/cloud-storage-pyarrow-to-neo4j

Stream arrow tables from staged parquet files into Neo4j

Primary LanguageJupyter NotebookApache License 2.0Apache-2.0

Data ingestion for Neo4j GDS (via Apache Arrow) 🏹

This project contains python notebooks that load data into a Neo4j database or in-memory graph projection from large datasets consisted of Apache Parquet files.

Managing large datasets with Apache Arrow

One of the main capabilities of Apache Arrow is the ability to deal with memory-mapped files,
this allows Arrow to read datasets that are bigger than the available RAM without incurring any additional memory cost.

With the PyArrow ParquetDataset module we can create a dataset of memory-map parquet files, it can then be fragmented and processed in batches.

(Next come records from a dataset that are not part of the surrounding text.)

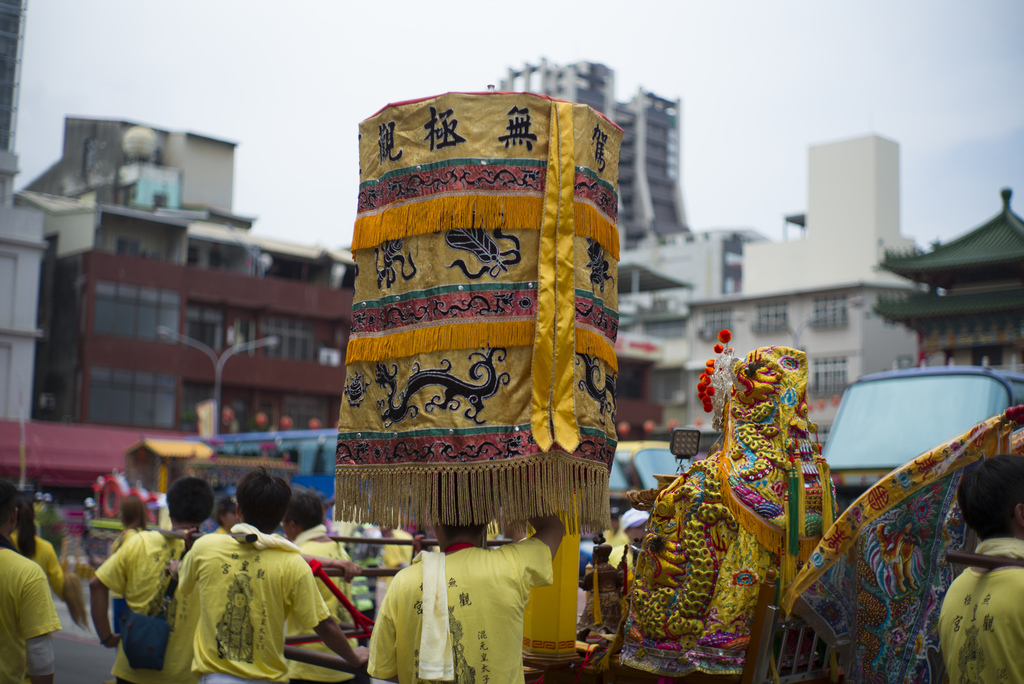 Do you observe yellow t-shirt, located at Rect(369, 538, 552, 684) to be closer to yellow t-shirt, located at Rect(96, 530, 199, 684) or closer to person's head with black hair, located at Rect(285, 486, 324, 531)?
yellow t-shirt, located at Rect(96, 530, 199, 684)

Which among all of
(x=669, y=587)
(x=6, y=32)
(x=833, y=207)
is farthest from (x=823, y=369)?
(x=669, y=587)

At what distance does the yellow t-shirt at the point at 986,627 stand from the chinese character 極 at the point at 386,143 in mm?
2424

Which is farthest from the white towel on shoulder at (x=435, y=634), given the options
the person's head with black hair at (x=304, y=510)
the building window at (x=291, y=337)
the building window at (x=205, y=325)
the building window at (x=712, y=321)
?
the building window at (x=712, y=321)

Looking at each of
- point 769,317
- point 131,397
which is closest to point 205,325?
point 131,397

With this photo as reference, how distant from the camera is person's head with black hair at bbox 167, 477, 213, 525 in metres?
5.24

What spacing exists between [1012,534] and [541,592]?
2014mm

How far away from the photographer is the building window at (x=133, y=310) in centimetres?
3494

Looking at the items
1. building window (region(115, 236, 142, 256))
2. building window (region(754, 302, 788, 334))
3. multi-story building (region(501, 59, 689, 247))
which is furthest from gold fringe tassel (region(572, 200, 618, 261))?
multi-story building (region(501, 59, 689, 247))

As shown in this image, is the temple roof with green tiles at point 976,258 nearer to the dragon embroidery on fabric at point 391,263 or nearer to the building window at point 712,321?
the building window at point 712,321

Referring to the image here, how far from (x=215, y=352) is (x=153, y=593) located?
34.5 m

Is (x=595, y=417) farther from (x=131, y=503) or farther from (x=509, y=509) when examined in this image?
(x=131, y=503)

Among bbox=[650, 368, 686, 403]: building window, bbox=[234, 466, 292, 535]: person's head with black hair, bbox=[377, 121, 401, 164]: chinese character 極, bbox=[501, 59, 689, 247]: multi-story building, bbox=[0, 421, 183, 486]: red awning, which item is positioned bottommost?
bbox=[0, 421, 183, 486]: red awning

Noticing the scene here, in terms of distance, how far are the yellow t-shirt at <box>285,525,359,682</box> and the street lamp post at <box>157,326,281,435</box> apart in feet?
102

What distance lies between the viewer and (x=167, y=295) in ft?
120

In addition to local & hdfs storage, PyArrow also supports cloud object storage such as:

  • Amazon Simple Storage (S3)
  • Google Cloud Storage (GCS)
  • Microsoft Azure Blob Storage

image info

Neo4j GDS Arrow Installation

Please see the Apache Arrow installation instructions and requirements in the Neo4j GDS documentation.

Notebooks

  • neo4j_arrow_create_database.ipynb: Used to create a Neo4j database from a PyArrow ParquetDataset
  • neo4j_arrow_create_projection.ipynb:Used to create a Neo4j in-memory graph projection from a PyArrow ParquetDataset

Configuration

The configuration is defined in the config.yaml file with the below parameters:

neo4j: 
 host: 'your-neo4j-host-ip'
 port: 8491
 user: 'your-neo4j-username'
 password: 'your-password'
 tls: False
 concurrency: 10
 database: 'neo4j'
 #projection: 'mygraph'
   
dataset:
 node_parquet_files_uri: 'gs://your-bucket/pqdataset-projection/nodes'
 relationship_parquet_files_uri: 'gs://your-bucket/pqdataset-projection/relationships'

worker:
 concurrency: 10
 arrow_table_size: 1_000_000
  • host: Server address of your Neo4j installation
  • port: Port that the arrow flight server listens for incoming connections
  • user: Username of neo4j user
  • password: Password for neo4j user
  • tls: Sets the encryption between the client and Neo4j server, for more information please see Arrow Encryption
  • concurrency: Number of threads to use for the database/projection creation process
  • database: The name of the import process and the resulting database name
  • projection: The name of the resulting in-memory graph in the graph catalog, (Required only when creating an in-memory projection)
  • node_parquet_files_uri: Node parquet files location uri used by pyarrow to create the dataset (Required, and it must contain the nodes string)
  • relationship_parquet_files_uri: Relationship parquet files location uri used by pyarrow to create the dataset (Required, and it must contain the relationships string)
  • concurrency: Number of workers used by the notebook to process our datasets (Recommended that it matches the concurrency set above for our Neo4j process)
  • arrow_table_size: Controls the arrow table size sent to Neo4j by our workers

Parquet dataset structure

  • The PyArrow ParquetDataset module parses the uri to determine the filesystem, s3, gcs, hdfs, local etc.
  • To manage your datasets easier, especially large ones. It is recommended to follow the below subfolder structure:
    • Under your required nodes directory have a subdirectory for each node label, with its parquet files
    • Under your required relationships directory have a subdirectory for each relationship type with its parquet files
  • PyArrow will automatically detect parquet files located in sub-directories
├── parquet-dataset-root-folder
│   ├── nodes
│   │   ├── label1
│   │   │   ├── label1-00000.parquet
│   │   │   ├── label1-00001.parquet
│   │   │   ├── label1-00002.parquet
│   │   ├── label2
│   │   │   ├── label2-00000.parquet
│   │   │   ├── label2-00001.parquet
│   │   │   ├── label2-00002.parquet
│   ├── relationships
│   │   ├── type1
│   │   │   ├── type1-00000.parquet
│   │   │   ├── type1-00001.parquet
│   │   │   ├── type1-00002.parquet
│   │   ├── type2
│   │   │   ├── type2-00000.parquet
│   │   │   ├── type2-00001.parquet
│   │   │   ├── type2-00002.parquet